About Facing the World
Facing the World is a UK charity that provides life-changing craniofacial surgery to many of the most disadvantaged and vulnerable children in the world. The medical team has strong knowledge on many disciplines. They make facial reconstructive surgery in the UK for children from the developing countries with severe facial disfigurements. Those children cannot be treated in their home countries.
The organization also provides training for some hospitals in partnership in order to develop the infrastructure required for more children to receive the treatment they need in their own countries.
Facing the World was created by Martin Kelly and Norman Waterhouse (craniofacial surgeons) in 2002. Martin was a volunteer in Afghanistan with the organization Children in Need. During his time there he met a young girl called Hadisa. At eight months old, she was carried hundreds of miles by her father to receive a treatment. The medical facilities in Kabul were not equipped to deal with the severity of Hadisa’s condition that's why Martin decided Hadisa’s only option was to come to London for treatment.

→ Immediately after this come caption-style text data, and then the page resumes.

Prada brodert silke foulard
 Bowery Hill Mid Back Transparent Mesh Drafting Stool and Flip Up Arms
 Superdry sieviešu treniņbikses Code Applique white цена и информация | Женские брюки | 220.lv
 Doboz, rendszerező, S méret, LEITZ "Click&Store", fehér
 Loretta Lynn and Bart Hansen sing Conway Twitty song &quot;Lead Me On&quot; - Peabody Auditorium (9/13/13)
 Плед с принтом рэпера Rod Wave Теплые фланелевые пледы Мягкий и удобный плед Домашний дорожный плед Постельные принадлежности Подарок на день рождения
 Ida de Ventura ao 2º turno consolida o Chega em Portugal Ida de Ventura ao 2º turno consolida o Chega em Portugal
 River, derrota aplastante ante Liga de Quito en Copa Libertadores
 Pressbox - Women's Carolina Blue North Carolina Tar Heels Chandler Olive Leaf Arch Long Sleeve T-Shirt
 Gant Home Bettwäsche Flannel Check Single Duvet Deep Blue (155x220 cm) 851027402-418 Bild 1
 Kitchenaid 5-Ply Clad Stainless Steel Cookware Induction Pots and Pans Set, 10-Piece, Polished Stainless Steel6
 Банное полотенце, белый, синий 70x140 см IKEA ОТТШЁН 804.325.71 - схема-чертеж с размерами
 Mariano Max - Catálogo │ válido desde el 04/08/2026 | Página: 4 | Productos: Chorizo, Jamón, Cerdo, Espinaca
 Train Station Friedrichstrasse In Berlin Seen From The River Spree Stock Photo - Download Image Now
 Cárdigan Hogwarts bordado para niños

In order to help other children like Hadisa they founded Facing the World.
Martin Kelly passed away in 2008, letting a motivated team behind him, wanting to carry on with his initiative. So far Facing the World has treated over 40 patients in the UK, and more than 90 through the Vietnam Project.
The project in Vietnam
In 2008, Facing the World began a partnership with Danang General Hospital in Vietnam. Vietnam has a higher incidence of children born with severe facial disfigurement than almost anywhere else in the world. Some believe this to be linked to the use of Agent Orange during the Vietnam War.
Facing the World team came from London two weeks a year to train and perform surgeries with the local team in Danang. Some training was also organized for Vietnamese surgeons going in the UK for a short period of time. A web based telemedicine was created to link the surgeons in London and Danang to facilitate the treatment of the most complex cases in Vietnam.
Thanks to this program, more than 100 patients, both children and adults, are seen each year, receiving the surgery and support care that they need.
Exotic Voyages and Facing the World
Exotic Voyages feels very inspired by this program. In many cases Facing the World saved a child’s life through surgery, and this means a lot to us. Children represent the smiles of Vietnam, the future generations and our best pride. In some other cases, Facing the World gives children a chance to be accepted in a society full of prejudices and judgments on physical appearance. This project can bring a lot to the children: it helps them build projects and believe in their future; they gain back their self-confidence, then can finally flourish and live again without their handicap. But it also teaches a lot to our society showing that behind each body is a soul full of potential and creativity, a soul that can surprise you beyond any barriers.
This is the reason why Exotic Voyages strongly want to be involved in this fantastic adventure through a partnership with Facing the World. We are deeply reflecting on how we could participate, make a change and lighten lives. There are many possibilities and we will find the one fitting the needs and capacities of both Facing the World and Exotic Voyages.
It is something very important to us and therefore some projects might come up very soon!
|Pan before her surgery|
Pan was born with an encephalocele, a rare defect, caused by a failure of the neural tube to close completely during pregnancy. The disfigurement, this left her at continual risk of meningitis or brain haemorrhage.
She lived and never left her community on the Mekong Delta, and only dared venture beyond her village with a blanket covering her face. She was raised by her cousin who because her stepfather didn’t accept her. She spent most of her time alone as she had no friends and her cousin couldn’t afford to send her to school.
Marianne Carsons, who was touring through the region in 2004, met 16-year-old Pan and was touched by her story. She contacted Facing the World, who brought Pan to London for treatment. After life-saving surgery, Pan returned to her village and got accepted and also respected as she was one of the few people who had ever left the region. For the first time in her life she was able to mix happily with others.
Viet suffered a bilateral facial cleft going through his cheekbones and up into his eyes, which sadly means he will never be able to see. He also had a cleft palate, which causes problems with eating and communicating. Viet’s parents worried that he would never be accepted in society - his prospects were very bleak. Facing the World’s medical team accepted Viet for surgery in the UK, in February 2012.
|Viet and his mother after the surgery|
Facing the World have found follow-up care for Viet in Vietnam, and Children’s Hope in Action want to provide him with education at a local blind school. Here he is, enjoying a sunny afternoon in the park a few weeks before he went home.